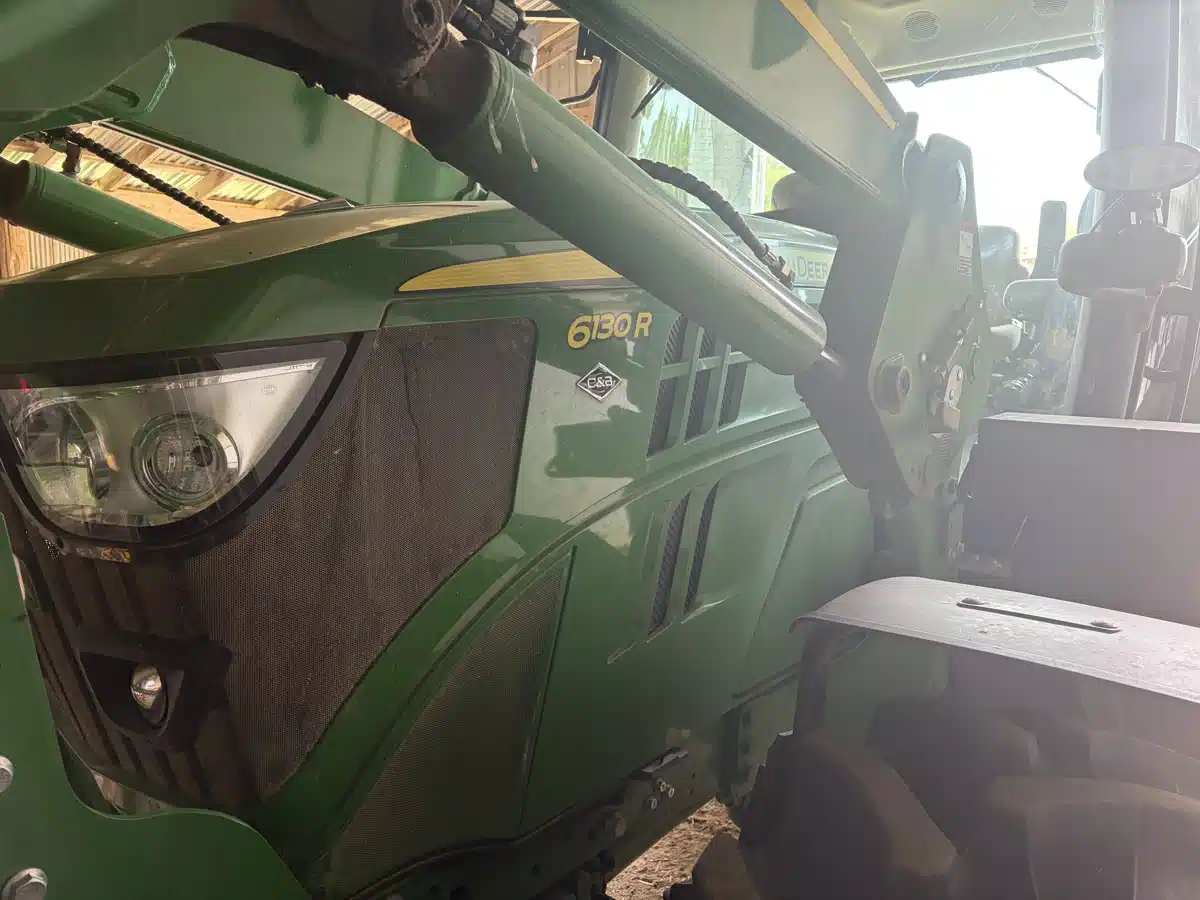 Gallery image 2 for 2022 John Deere 620R Front End Loader
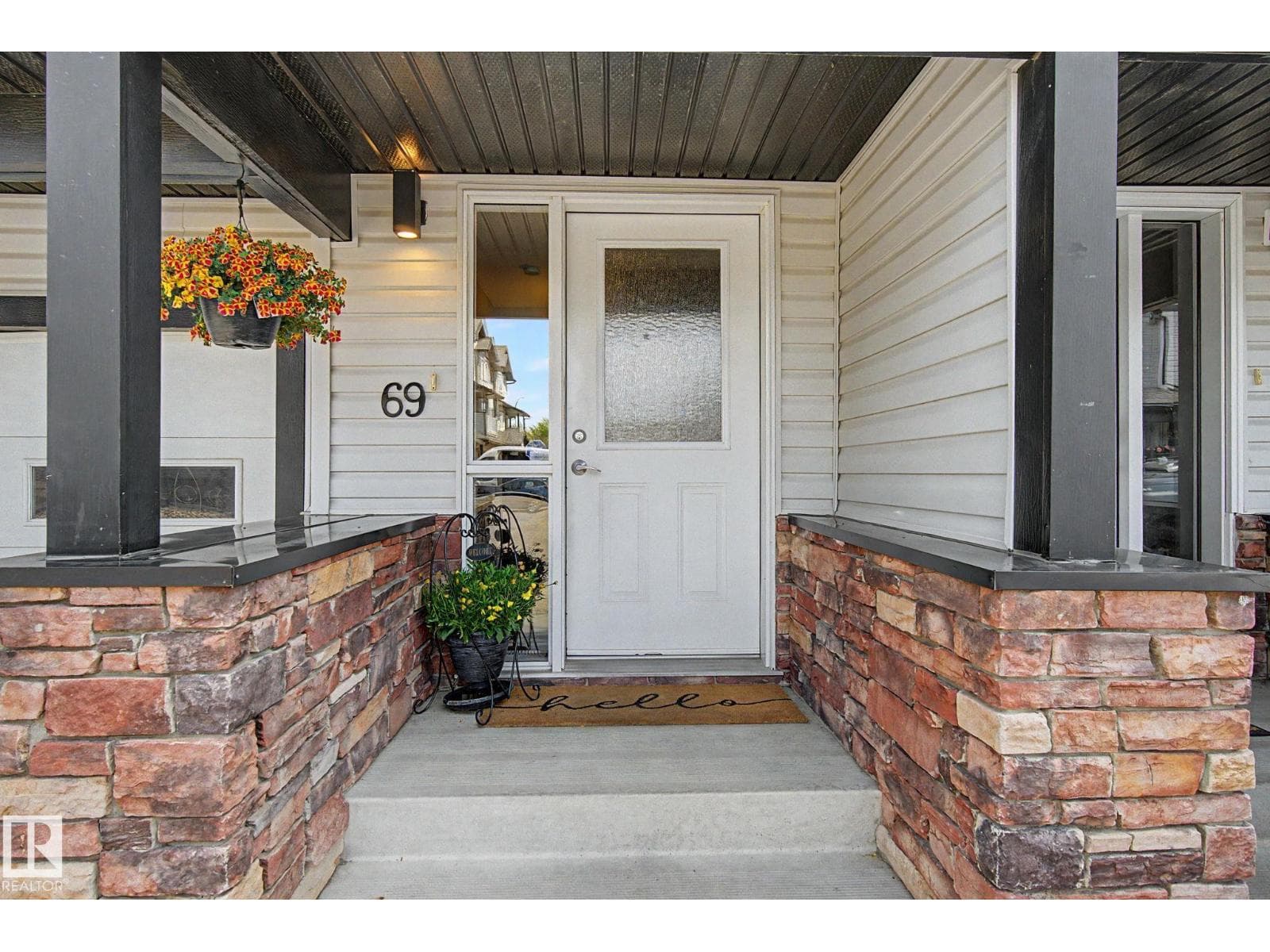 69 11 CLOVER BAR LN — photo 2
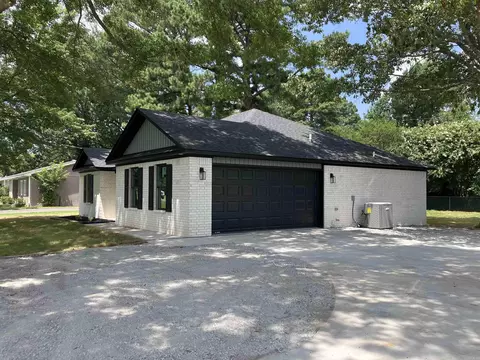Exterior - 906 W Center St, Beebe, AR 72012 photo 4 of 6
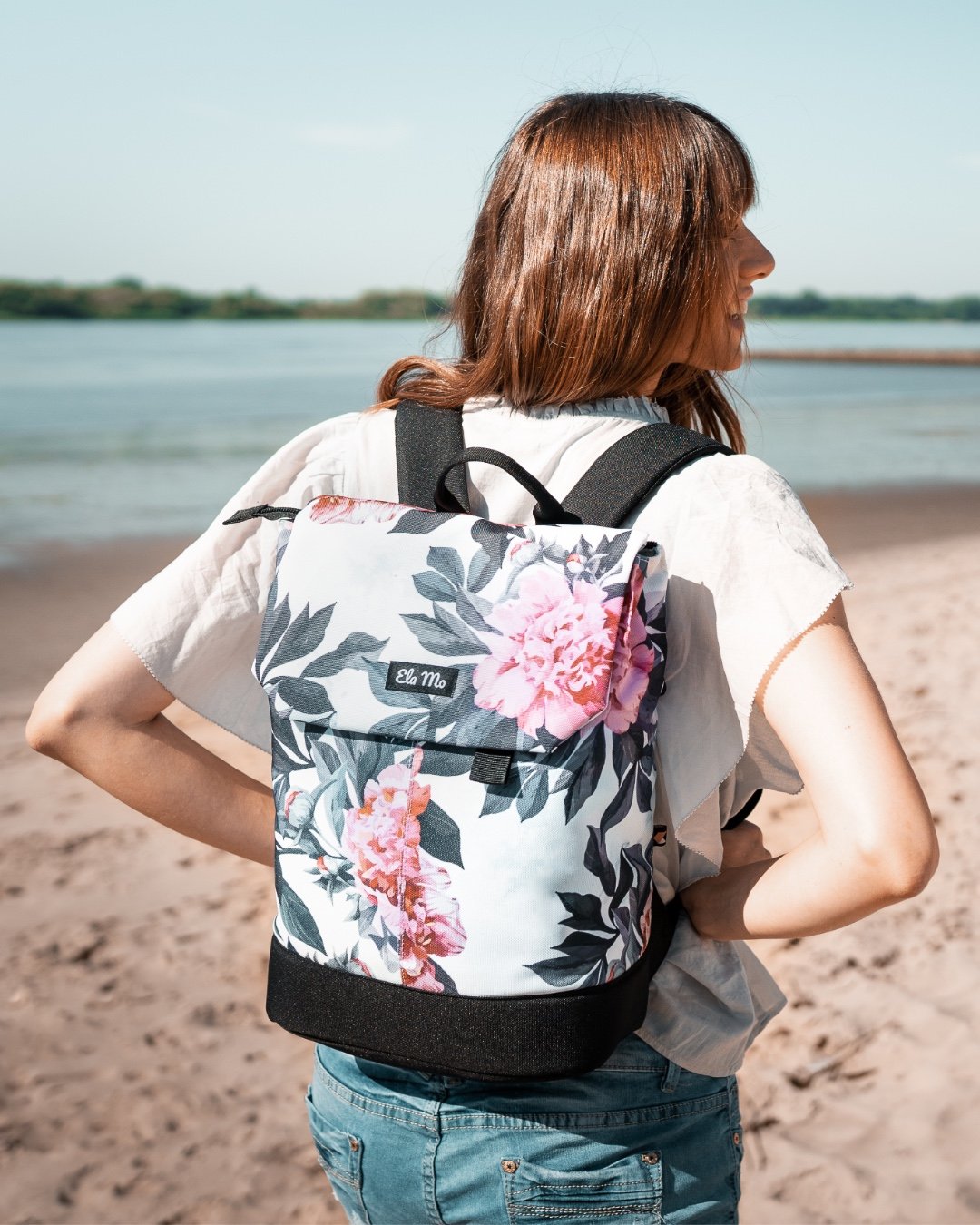 Ela Mo™ Daypack Rucksack | Bloom! Eine Frau mit dem Rucksack auf dem Rücken im Freien – alltäglicher Lifestyle.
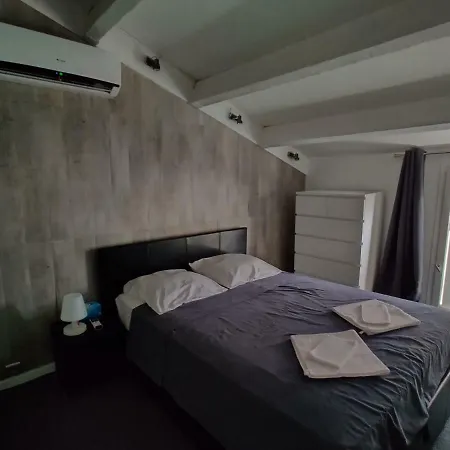9 A Marseillan (Herault)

• YOUR OBJECTIVE
With the pictures omitted, copy exactly the lines from the line that contains "Ela Mo™ Daypack" through the end of the material.

• SOLUTION TO THIS PROBLEM
 Ela Mo™ Daypack Rucksack | Bloom! Eine Frau mit dem Rucksack auf dem Rücken im Freien – alltäglicher Lifestyle.
9 A Marseillan (Herault)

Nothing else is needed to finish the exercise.